For pensions earned after Jan. 1, 2025, members of the jointly sponsored pension plan will see annual payouts increase from 8.5 per cent of their total contributions per annum to 9.5 per cent. This equates to 11.7 per cent higher benefits than under the current regime.

Read: College of Family Physicians of Canada pension plan joining the CAAT’s DBplus

The change comes as DBplus and DBprime, which are managed together, move from level 4 to 5 of the funding policy agreement. Laid out by the CAAT in 2007 and updated in 2018, the agreement details six levels of benefit payments members can receive, depending on the financial health of the plan.

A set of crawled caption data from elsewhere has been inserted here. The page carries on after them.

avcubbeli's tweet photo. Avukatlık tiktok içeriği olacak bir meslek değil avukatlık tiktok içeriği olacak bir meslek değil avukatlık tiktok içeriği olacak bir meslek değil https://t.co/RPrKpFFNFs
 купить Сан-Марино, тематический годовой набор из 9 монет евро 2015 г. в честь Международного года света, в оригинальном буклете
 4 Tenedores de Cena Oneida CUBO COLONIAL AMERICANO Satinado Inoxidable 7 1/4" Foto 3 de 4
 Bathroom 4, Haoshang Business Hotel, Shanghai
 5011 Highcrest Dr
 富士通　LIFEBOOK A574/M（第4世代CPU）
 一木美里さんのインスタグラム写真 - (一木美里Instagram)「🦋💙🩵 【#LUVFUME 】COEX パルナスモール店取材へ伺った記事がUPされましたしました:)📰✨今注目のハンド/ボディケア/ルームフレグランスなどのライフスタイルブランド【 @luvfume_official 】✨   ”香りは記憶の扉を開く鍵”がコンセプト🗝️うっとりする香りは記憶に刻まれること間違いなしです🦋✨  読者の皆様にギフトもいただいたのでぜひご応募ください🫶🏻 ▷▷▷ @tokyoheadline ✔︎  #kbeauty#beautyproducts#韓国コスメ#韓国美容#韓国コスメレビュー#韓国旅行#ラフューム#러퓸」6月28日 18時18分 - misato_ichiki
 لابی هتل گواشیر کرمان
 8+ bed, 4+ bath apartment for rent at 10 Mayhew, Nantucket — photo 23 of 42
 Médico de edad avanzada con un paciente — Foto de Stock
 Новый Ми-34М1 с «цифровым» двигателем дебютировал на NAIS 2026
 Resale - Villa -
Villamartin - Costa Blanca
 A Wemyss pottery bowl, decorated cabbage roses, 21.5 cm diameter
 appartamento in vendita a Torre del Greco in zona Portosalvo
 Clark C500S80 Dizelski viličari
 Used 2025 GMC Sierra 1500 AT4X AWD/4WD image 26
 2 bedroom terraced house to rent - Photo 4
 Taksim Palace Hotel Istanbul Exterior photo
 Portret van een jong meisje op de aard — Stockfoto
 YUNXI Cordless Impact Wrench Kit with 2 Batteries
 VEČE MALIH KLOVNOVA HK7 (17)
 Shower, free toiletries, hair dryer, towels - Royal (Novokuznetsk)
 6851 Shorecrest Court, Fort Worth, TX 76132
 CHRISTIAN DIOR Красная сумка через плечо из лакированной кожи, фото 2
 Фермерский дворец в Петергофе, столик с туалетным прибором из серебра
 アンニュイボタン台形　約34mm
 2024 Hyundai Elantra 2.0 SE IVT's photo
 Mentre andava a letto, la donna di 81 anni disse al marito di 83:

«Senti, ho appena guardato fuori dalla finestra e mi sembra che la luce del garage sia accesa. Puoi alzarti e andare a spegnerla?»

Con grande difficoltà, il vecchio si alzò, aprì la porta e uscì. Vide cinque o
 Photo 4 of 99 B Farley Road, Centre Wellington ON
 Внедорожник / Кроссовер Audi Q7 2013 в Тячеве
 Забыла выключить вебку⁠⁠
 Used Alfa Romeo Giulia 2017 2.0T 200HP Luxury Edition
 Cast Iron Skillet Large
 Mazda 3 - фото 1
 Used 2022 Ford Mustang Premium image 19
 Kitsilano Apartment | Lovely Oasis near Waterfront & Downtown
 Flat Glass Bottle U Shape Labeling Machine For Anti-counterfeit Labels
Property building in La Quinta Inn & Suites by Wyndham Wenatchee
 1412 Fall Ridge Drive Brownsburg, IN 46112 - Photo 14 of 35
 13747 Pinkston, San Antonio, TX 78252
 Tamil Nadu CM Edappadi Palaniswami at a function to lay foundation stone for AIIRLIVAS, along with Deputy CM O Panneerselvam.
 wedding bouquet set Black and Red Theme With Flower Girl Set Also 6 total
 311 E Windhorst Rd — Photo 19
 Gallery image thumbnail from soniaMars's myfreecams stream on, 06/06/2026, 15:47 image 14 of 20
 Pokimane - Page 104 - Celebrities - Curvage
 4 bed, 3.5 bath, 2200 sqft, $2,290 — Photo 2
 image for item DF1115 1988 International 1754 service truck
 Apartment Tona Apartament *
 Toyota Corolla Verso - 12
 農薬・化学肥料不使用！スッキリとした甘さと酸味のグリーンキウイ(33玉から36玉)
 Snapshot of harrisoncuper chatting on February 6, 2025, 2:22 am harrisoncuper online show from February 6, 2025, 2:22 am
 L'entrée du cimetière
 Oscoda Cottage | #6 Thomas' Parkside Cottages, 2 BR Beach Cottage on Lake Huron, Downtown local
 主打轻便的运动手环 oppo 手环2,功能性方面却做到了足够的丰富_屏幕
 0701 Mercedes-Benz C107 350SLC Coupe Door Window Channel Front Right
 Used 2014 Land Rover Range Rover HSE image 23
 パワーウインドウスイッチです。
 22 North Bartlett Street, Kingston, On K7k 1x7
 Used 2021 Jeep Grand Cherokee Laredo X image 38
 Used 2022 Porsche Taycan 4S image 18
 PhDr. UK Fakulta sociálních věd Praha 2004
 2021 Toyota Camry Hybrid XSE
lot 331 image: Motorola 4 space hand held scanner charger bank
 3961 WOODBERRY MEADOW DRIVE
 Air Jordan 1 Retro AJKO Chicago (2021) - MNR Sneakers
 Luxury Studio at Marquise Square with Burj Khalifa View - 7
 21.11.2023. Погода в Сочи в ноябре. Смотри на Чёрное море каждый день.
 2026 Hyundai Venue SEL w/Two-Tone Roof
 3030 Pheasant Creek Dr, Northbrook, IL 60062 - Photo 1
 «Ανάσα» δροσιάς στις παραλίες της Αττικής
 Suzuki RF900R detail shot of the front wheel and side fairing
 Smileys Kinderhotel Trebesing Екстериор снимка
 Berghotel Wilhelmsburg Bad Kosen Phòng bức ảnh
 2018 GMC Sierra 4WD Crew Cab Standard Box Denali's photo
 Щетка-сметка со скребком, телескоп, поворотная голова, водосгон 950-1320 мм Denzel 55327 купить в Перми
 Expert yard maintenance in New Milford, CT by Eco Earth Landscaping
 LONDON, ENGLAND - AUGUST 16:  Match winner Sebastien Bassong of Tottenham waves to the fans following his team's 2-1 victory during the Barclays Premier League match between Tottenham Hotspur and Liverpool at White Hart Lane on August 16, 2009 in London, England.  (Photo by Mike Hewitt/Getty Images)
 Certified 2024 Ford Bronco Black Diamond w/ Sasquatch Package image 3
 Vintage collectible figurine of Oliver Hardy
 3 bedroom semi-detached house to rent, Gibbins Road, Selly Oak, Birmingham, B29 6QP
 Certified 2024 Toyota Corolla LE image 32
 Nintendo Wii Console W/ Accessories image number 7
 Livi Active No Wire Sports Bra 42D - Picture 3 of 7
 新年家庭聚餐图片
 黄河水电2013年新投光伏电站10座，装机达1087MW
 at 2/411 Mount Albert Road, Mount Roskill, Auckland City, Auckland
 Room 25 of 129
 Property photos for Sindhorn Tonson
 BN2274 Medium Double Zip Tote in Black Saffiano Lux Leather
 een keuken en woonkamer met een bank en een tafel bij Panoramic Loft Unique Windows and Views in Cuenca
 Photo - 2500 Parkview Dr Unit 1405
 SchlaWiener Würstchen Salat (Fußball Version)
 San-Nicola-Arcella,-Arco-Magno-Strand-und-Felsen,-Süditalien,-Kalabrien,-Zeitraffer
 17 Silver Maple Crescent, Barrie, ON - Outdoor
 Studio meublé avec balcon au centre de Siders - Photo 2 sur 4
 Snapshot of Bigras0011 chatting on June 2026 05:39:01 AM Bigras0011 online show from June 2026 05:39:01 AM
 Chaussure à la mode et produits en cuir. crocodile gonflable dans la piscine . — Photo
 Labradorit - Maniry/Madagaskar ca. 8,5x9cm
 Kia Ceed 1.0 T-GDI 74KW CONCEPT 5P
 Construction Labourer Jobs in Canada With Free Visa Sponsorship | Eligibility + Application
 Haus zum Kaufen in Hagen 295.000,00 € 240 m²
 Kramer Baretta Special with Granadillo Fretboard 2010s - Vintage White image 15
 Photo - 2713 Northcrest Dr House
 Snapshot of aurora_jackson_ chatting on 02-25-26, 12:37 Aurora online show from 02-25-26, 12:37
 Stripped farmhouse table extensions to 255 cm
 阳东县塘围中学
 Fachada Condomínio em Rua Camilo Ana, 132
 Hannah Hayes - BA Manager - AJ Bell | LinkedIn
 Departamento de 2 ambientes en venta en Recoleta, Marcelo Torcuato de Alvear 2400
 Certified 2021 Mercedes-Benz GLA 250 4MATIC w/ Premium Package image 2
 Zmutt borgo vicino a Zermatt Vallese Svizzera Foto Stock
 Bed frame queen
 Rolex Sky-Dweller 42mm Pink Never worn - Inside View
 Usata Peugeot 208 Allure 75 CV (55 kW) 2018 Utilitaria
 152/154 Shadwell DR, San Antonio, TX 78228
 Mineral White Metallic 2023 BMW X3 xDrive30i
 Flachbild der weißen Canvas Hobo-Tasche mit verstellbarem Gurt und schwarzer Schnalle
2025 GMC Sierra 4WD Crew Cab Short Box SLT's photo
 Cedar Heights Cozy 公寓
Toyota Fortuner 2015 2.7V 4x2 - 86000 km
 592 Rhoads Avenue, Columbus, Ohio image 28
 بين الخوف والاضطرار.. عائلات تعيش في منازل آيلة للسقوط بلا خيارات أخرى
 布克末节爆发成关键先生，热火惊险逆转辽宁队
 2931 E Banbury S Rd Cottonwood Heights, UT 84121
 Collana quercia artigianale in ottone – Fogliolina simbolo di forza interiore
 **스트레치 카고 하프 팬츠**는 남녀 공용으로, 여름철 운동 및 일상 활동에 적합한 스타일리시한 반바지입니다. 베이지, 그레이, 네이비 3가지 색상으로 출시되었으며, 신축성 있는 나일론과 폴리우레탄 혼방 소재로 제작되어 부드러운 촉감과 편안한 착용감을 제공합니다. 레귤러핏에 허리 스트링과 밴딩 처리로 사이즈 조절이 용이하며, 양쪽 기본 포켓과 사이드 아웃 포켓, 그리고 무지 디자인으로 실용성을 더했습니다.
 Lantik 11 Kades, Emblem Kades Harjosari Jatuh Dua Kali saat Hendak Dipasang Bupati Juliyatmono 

At each level, a number of new levers can be triggered that improve the benefits accrued by plan members. “The levers within each level are designed to provide equitable treatment to each plan,” says Andrew Whale, vice-president of strategic risk management at the CAAT. “The last lever that we pulled to exit level 4 was also to reduce contributions for our DBprime members, who had been contributing at elevated rates since the [2008/09] financial crisis.”

The decision to promote the pension plans to level 5 is because the plan, which has a funding level of 124 per cent, has reserves that can fund future conditional inflation protection increases and withstand a two per cent reduction in the discount rate. “Essentially, the plan needs to have sufficient surplus to allocate to all the different levers at funding levels 4 and below before it moves to level 5,” says Whale.

Currently, DBplus’ funding reserves are being bolstered to help it withstand a 7.5 per cent increase in liabilities as an additional cushion for securing its benefits. For the CAAT to move to level 6, another reduction to the contributions of DBprime members is required.

At that point, the lifetime pension factor may be increased by more than 9.5 per cent and retired and deferred members will receive conditional inflation protection of at least 75 per cent of the consumer price index. Other benefits may be increased on an ad hoc basis.